In his short time in the majors, he's made six starts, going 2-1 with a 3.44 ERA. He's walked just five batters in 34 innings. However, he's also given up four home runs and 35 hits. 

Similar to Saturday's starter, Tyler Glasnow, Taillon is a tall righty who can throw the ball in the upper 90s. At 6-foot-5, he's can be overpowering while bringing a strong curveball that he utilizes as his main off-speed pitch.

Opposing Taillon is arguably the Phillies' best starter this year. Velasquez was drafted in the second round of that same 2010 draft. As he has all season, he continues to overpower hitters with his velocity and repertoire, fanning 98 batters this year. His 3.15 ERA and eight wins are best among the Phillies' young starters.

His last start was his fourth since returning from the disabled list, and he has allowed two or fewer runs in each start. He allowed just one run to the Marlins on Tuesday, giving up three hits and four walks in seven innings. Pitching deep into games like he did vs.
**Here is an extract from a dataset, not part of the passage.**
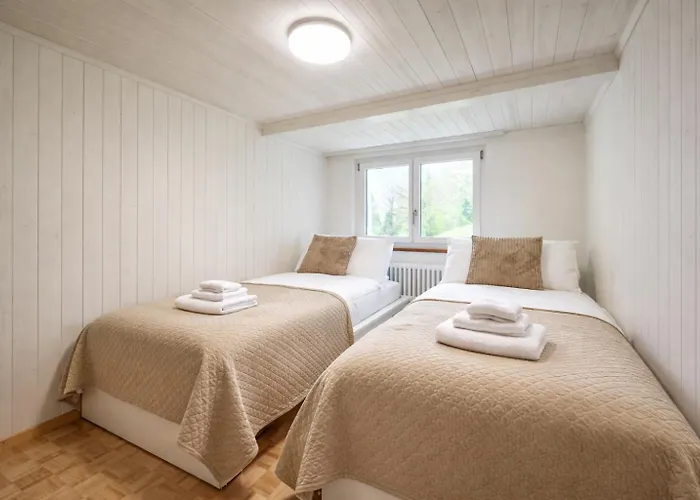 木屋 Mountain Love, Spectacular Views, Spacious & Luxurious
Miami is the next frontier for the 24-year-old flamethrower.

3. Appreciating Tommy Joseph's July
Since he was called up for his debut in May, Tommy Joseph has shown flashes of brilliance with the bat. 

However, June was rough for the rookie. He batted just .204 and walked just two times while striking out in 23 of his 96 plate appearances. Sure, he hit five home runs, but when he wasn't hitting for power, he was doing little else.

That has changed in his 15 games this July. He's already hit five homers in just over half the plate appearances and walked six times. The walks are key. He's never been one to draw all that many walks even in the minors, so it shows he may be taking another step in his development. 

In all, he has 17 hits and 10 runs scored in just 44 at-bats and 12 starts this month. He's raised his average to .264 and has a slugging percentage of .529.

He has not only shown that he can mash, which was already an assumption, but also that he can work at-bats and make things happen even when the ball isn't leaving the yard. He's looking more and more like building block.

4. Players to watch
Phillies: Cesar Hernandez has quietly hit over .300 in June and July, hitting single after single near the bottom of the order. His two hits and two RBIs pushed the Phillies ahead early in Saturday's loss.

Pirates: Josh Harrison, the opposing second baseman, has had the opposite situation in the last two months. After batting over .325 in April and May, he's hit .218 or worse in the last two months. His season average is down to .270 and his OPS is just .673.

5. This and that
• David Freese has the only prior plate appearance against Velasquez. He's 0 for 1 against him. No Phillies, as one could guess, have at-bats against Taillon in the majors.

• The Phillies haven't won a series against the Pirates since 2013. 

• Pirates closer Mark Melancon has a 1.10 ERA against the Phillies in 15 career appearances. It's his second best ERA against a team he's faced at least 10 times. (He has a 0.63 ERA against the Marlins in 16 games).